Tant la FNSEA que JA veulent décorréler l’avancée des dossiers agricoles des échéances politiques propres à l’agriculture et surtout peser les politiques agricoles, sur le plan national et européen. Le chef de l’État semble abonder dans ce sens, affirmant être prêt à amender son discours de Rungis et s’appuyer sur ses quatre axes stratégiques pour en livrer un nouveau à la rentrée de septembre. Ce discours de Rungis II pourrait donner « plus de visibilité de l’agriculture sur le long terme », en rompant avec une première version* qui faisait la part belle à « une montée en gamme qui a subi quelques effets de bord ». Cependant, Emmanuel Macron entend obtenir l’accord et le soutien d’une majorité des agriculteurs et de leurs représentants : « Je n’irai pas seul faire mon discours au milieu de la Pampa », a-t-il déclaré à ses interlocuteurs pendant une réunion au cours de laquelle il a été le seul à s’exprimer. Aucun des ministres présents ne s’est exprimé. Emmanuel Macron qui a chargé le chef du gouvernement, Gabriel Attal, de suivre mensuellement l’avancée des mesures appliquées, s’adaptera au rythme des agriculteurs, a-t-il conclu, renvoyant la balle aux agriculteurs bien décidés, de leur côté, à « ne pas signer de chèque en blanc ».
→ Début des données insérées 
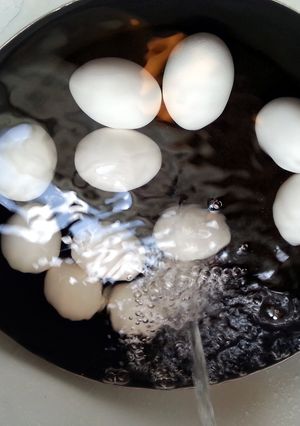 A picture of Kt's Perfect Hard-Boiled Eggs.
1 - 11 octobre 2017. Discours disponible sur www.elysee.fr
Christophe Soulard
Chambres d’agriculture France demande un cap et une vision
Réagissant à la réunion à l’Elysée à laquelle il a participé au titre du Conseil de l’agriculture française (CAF), le président de Chambres d’agriculture France, Sébastien Windsor, a indiqué que « les annonces doivent se traduire par la mise en œuvre rapide auprès des agriculteurs ». Pour lui, il est aussi « important que le président de la République puisse avant la fin de l’année tracer un cap pour mettre en avant l’excellence de l’agriculture française tout comme le besoin de produire plus tant pour l’alimentation que pour décarboner (énergie renouvelable, matériaux de construction...) », a-t-il ajouté. Il souhaite que « l’État et le gouvernement soient aux côtés des agriculteurs, dans cette période de changement, dans une démarche de soutien et non pas de contraintes » et qu’il remette « l’acte de production et la productivité au centre du projet agricole », avec les moyens correspondants.